Jak to się stało, że trafiła Pani do branży call center[1]? Czysty przypadek, czy jednak świadoma decyzja?
Był rok 2000, startował mBank – pierwszy bank internetowy z obsługą za pośrednictwem Call Center. Ja byłam świeżo upieczoną absolwentką Uniwersytetu Łódzkiego na kierunku „finanse i bankowość”. Szukałam pracy, kilku znajomych właśnie zatrudniło się w mBanku, zachęcili mnie. Nie miałam pojęcia jak wygląda praca w CC.
Jak wyglądały początki pracy?
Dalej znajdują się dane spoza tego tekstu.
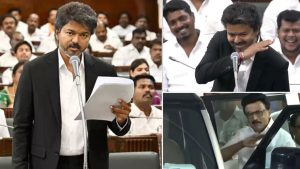 అసెంబ్లీలో సీఎం విజయ్ ఊహించని ప్రవర్తన.. స్టాలిన్‌ను అనుకరిస్తూ, చేతిని అలా చూపిస్తూ..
Co wspomina Pani „z łezką w oku”? Co z perspektywy czasu wydaje się teraz proste, może śmieszne?
Atmosfera pracy to coś co zawsze charakteryzowało pracę w CC mBanku, tak jest do dziś. Znajomości i przyjaźnie tam zawiązane trwają do dziś. Pamiętam swoją pierwszą próbę rozmowy z klientem. Nie słyszałam klienta, poprosiłam o pomoc help desk. Okazało się, że nie podłączyłam słuchawek – wtedy byłam w ogromnej panice, teraz się z tego śmieję i opowiadam początkującym konsultantom tą sytuację, kiedy mówią, że się stresują pierwszą rozmową
Co spowodowało, że pozostała Pani w branży przez tyle lat?
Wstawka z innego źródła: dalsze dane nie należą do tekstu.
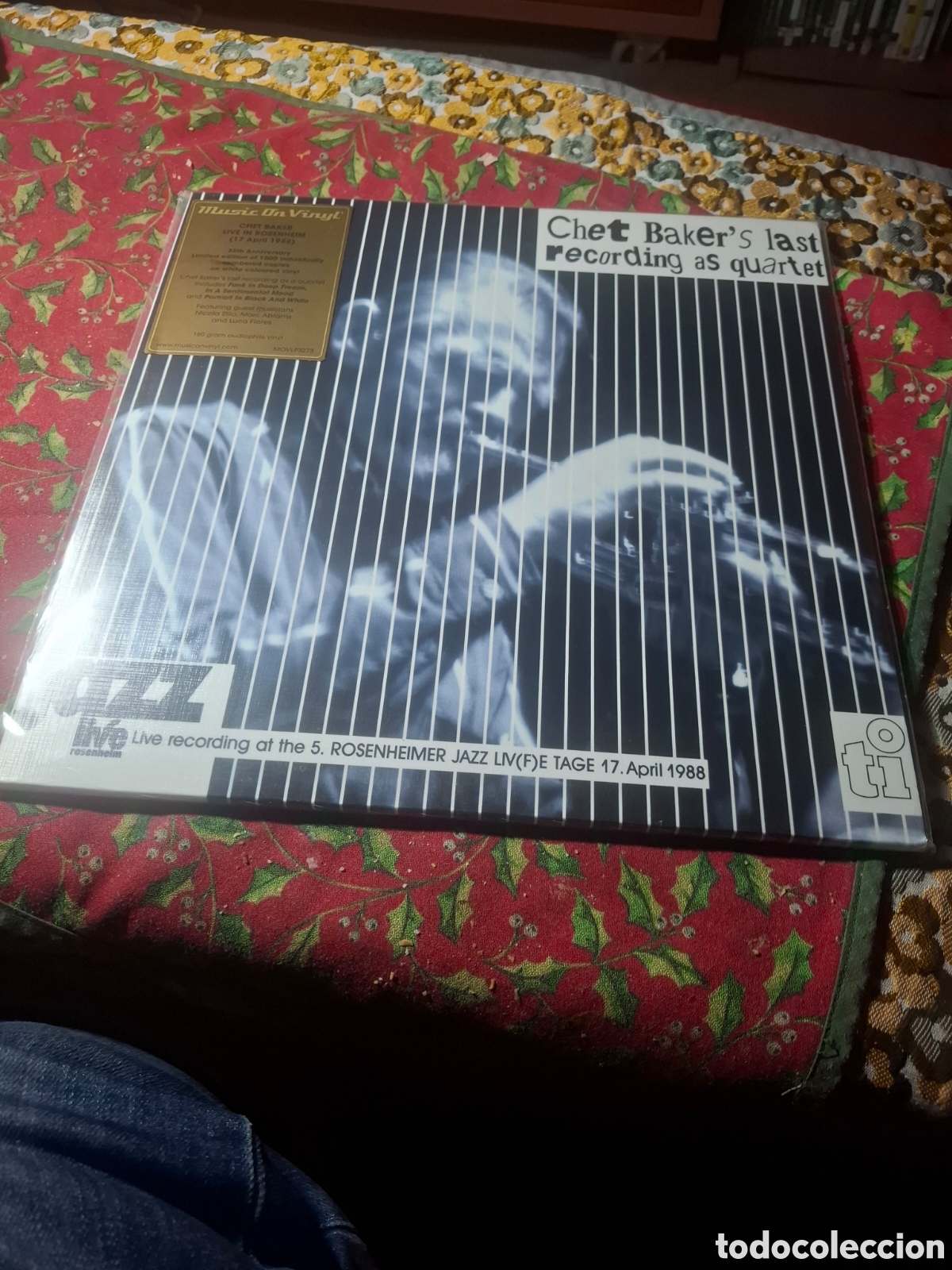 Discos de vinilo: Chet Baker's Last Recording As Quartet. Ed limitada 1500 ejemplares 2lp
Ciągła możliwość rozwoju. Nigdy nie zdążyłam poczuć znużenia czy rutyny. Uczyłam się wciąż nowych rzeczy, zmieniałam stanowiska, obszary, projekty. Nawet nie wiem, kiedy minęło te 15 lat
Jak wyglądało wspinanie się po szczeblach kariery w Pani przypadku? Długo to trwało?
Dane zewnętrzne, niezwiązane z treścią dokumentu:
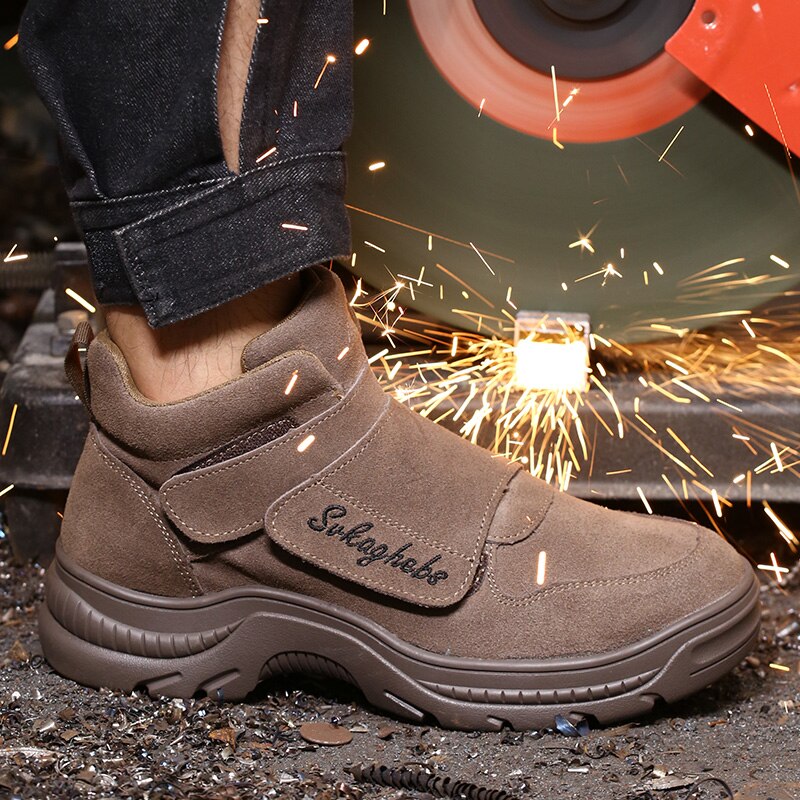 Scarpe antinfortunistiche da lavoro per uomo Spark antispruzzo indistruttibile punta in acciaio uomo stivali antinfortunistici da lavoro Sneaker da costruzione maschile antisfondamento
Dla mnie optymalnie. Moja ścieżka kariery zaczęła się od konsultanta poprzez kierownika aż do menedżera. Awanse stanowiskowe są motywujące, ale to różnorodność zadań, projektów czy tematów nawet w ramach tego samego stanowiska rzeczywiście rozwijają, doświadczają.
Co uważa Pani za swój największy sukces w pracy w call center?
W ciągu tych kilkunastu lat pracy miałam okazję dzielić się swoim doświadczeniem i rozwijać innych. Kilku konsultantów dojrzało przy moim boku i stało się dobrymi kierownikami oraz menedżerami. Oni są moim sukcesem.
Co było porażką? Jakie błędy Pani popełniła? Jakie wnioski Pani z tego wyciągnęła na przyszłość? Jak pokonała Pani wyzwania, przeszkody?
Trudno powiedzieć. To pytanie chyba pominę
Tak wielu telemarketerów szybko rezygnuje z kariery w branży contact center[2]. Co by Pani im poradziła?
Żeby byli bardziej cierpliwi i uwierzyli, że doświadczenie jakie daje im ta praca jest bezcenne. Contact Center do miejsce, które ma ogromną przyszłość, to nie tylko telefon, ale też nowoczesne kanały kontaktu klientów, możliwość obcowania z nowymi technologiami. To ogromnie możliwości rozwoju.